Note that the number of locations is orthogonal to the overall CDN capacity and hence to the CDN’s ability to provide capacity-on-demand to content providers. By provisioning enough network connectivity, power supply, and servers at a given data center, one can assemble a very large aggregate CDN capacity at relatively small number of data centers. For example, from the statement on Limelight’s website that “Each Limelight Networks Delivery Center houses thousands of servers” one can infer that Limelight has at least 20,000 servers across their 20 data centers, which is at worst three times as few as Akamai, despite having two orders of magnitude fewer locations. In terms of network capacity, Limelight had 2.5Tbps aggregate bandwidth in August 2009 ; while we could not find a similar number for Akamai, this is more than the aggregate peak traffic it has delivered .
One would assume that content delivery networks would have done this study themselves long time ago. This might be true - we will never know. However, proprietary research is not open to public (and public scrutiny) and is often driven by vested interests. This paper attempts to answer the above question by examining Akamai performance. We chose Akamai because it is the dominant CDN provider, both in terms of the market share and size. Our general approach is to study how performance of Akamai-accelerated content delivery would suffer if it were done from fewer data centers. Considering performance implications of data center consolidation by the same CDN is important because it eliminates a possibility that unrelated issues in different CDNs could affect the results. An abstract of our preliminary results appeared in . The current paper present the complete study.

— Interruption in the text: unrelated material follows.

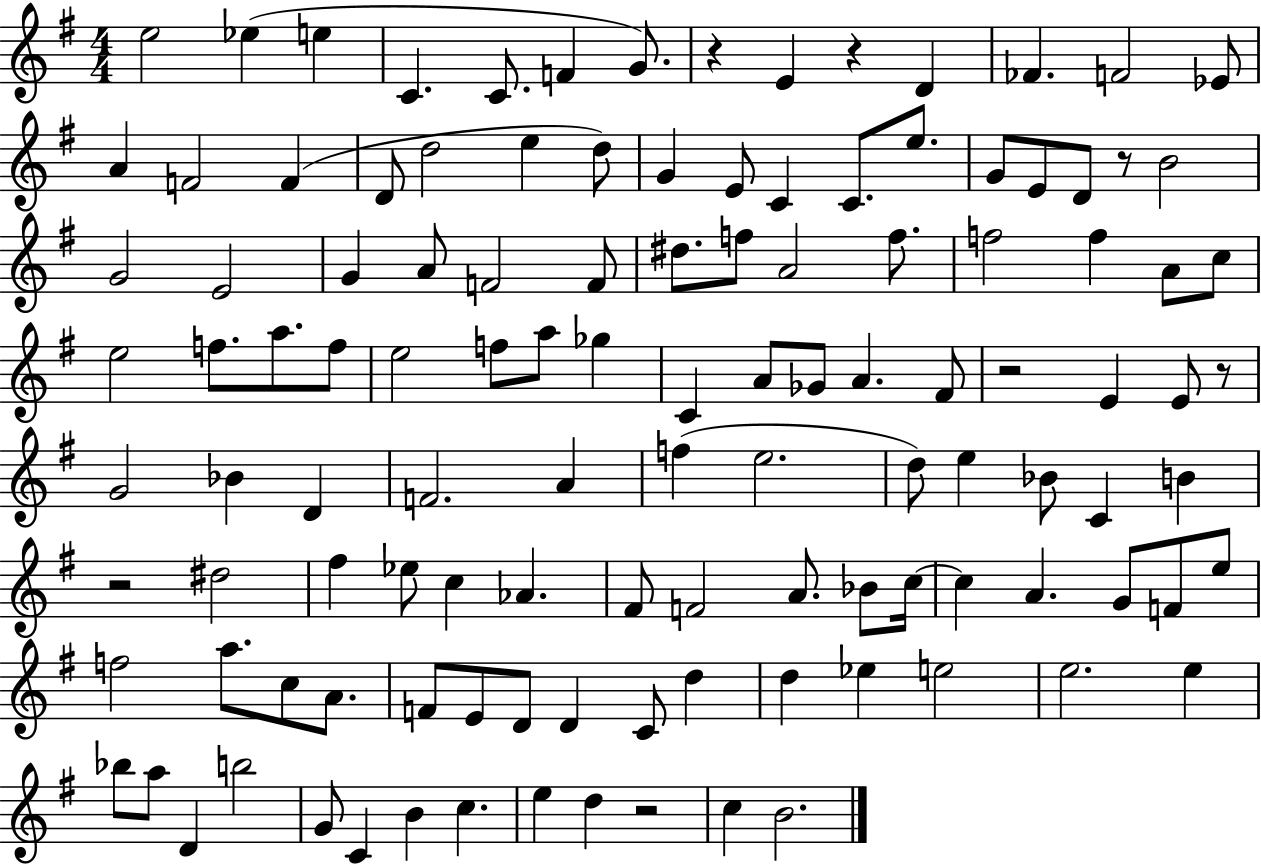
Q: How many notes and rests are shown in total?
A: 118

Our work contributes insights into the following aspects of content delivery networks:
• CDN performance improvement. CDNs offer capacity on-demand, and hence overload protection, to subscribing content providers. But do CDNs improve user experience during normal load? Krishnamurthy et al.  compared the performance of different CDNs, but to our knowledge ours is the first study that provides an independent direct estimate of the performance improvement of Akamai-accelerated downloads. In particular, we consider both performance improvement Akamai offers to content providers and the quality of Akamai server selection when it selects a cache for a download.
• The extent of platform distribution. We address a question to what extent a large number of points of presence improves CDN performance. While considering just one aspect – performance – of this issue, this contributes to the debate on the merits of the highly distributed vs. more consolidated approaches to CDN design from the customer perspective.
In addition to the above performance insights, we hope the methodology we develop to obtain them will be useful for others conducting research in this area.
2. RELATED WORK
A number of CDNs offer acceleration services today [19, 1, 13, 8, 17]. Our study could be useful for them as they decide on their infrastructure investment priorities and for their customers in selecting a CDN provider.